Federico Fellini's 8
½ (1963) is another brilliant film that works as almost a kind of continuation of some of the themes in the earlier film. Marcello Mastroianni, who Ewan has dubbed one of the coolest guys of all time (and I'm beginning to agree), stars in the film as Guido, a film director, and obvious stand in Fellini himself, who is having a problem getting his latest film off the ground. The film explores both the loss of creative and inner vision in classic Fellini style. Some sequences are surrealist, some are real, but the every part is fascinating. Whether it's Guido's opening nightmare(?) of suffocation and isolation as he drifts away from the traffic jam, or the problems of all the various women in his life as Guido juggles his wife, mistress, actresses and dream woman, the film presents us with an amazing mix of music, and amazing visuals.

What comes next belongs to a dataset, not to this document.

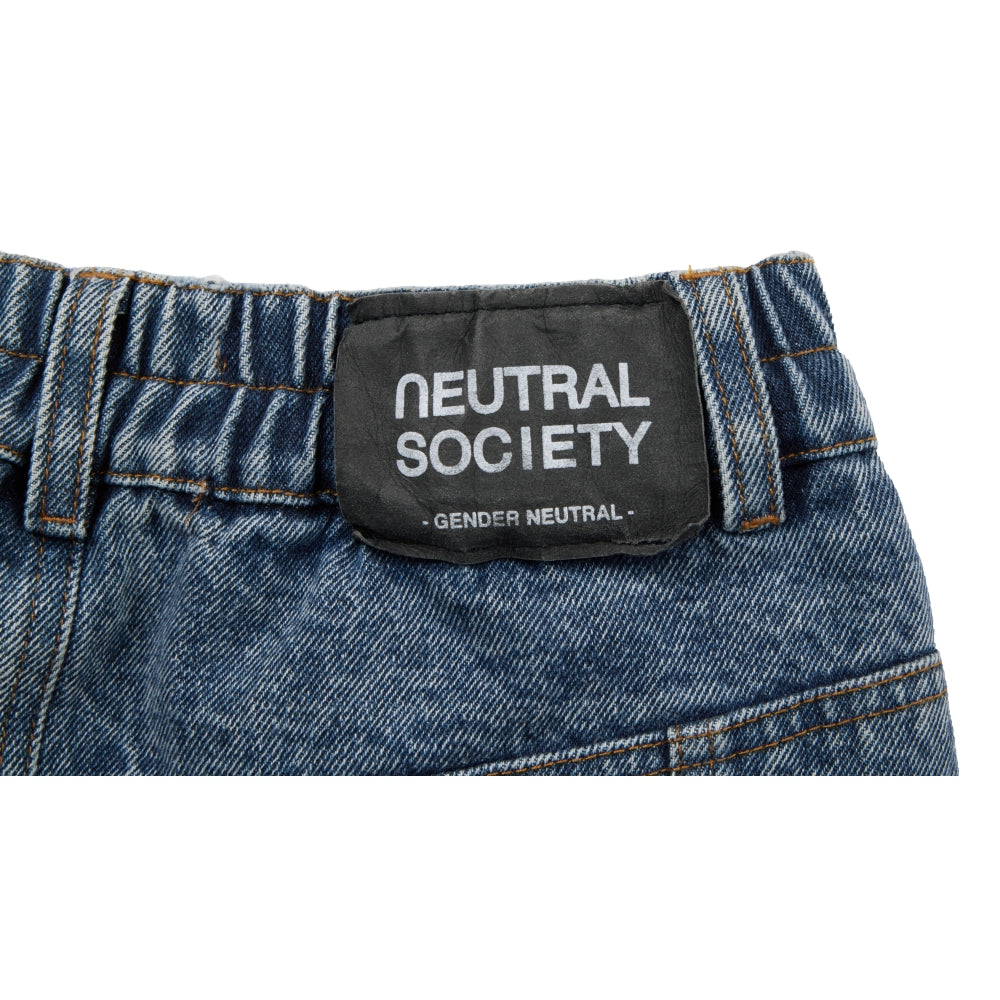 NEUTRAL SOCIETY DENIM FLARE SKIRT-BLUE DENIM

This is a film that people who are interested in filmmaking need to see. It's a film that explores it's ideas in a primarily visual manner. As
Roger Ebert points out in his review of the film for his "Great Films" series, Fellini understood that the language of cinema is primarily images. The beauty is that Fellini has both ideas and images, and never subjugates his visuals to the high-concepts of his film. Even in a sequence with two characters talking, Fellini uses the camera in such a unique way that it's a wonder to watch. In case anyone can't tell, I'm fast becoming a Fellini fan (my visit to Rome this past spring didn't hurt at all either). I'm looking forward to exploring more of his films in the near future.

1 comment:

GoldNboy said...

Just a question Anders. Are you going to go see see Lord of War because I want to see it and Ebert gave it good reviews. Just a question.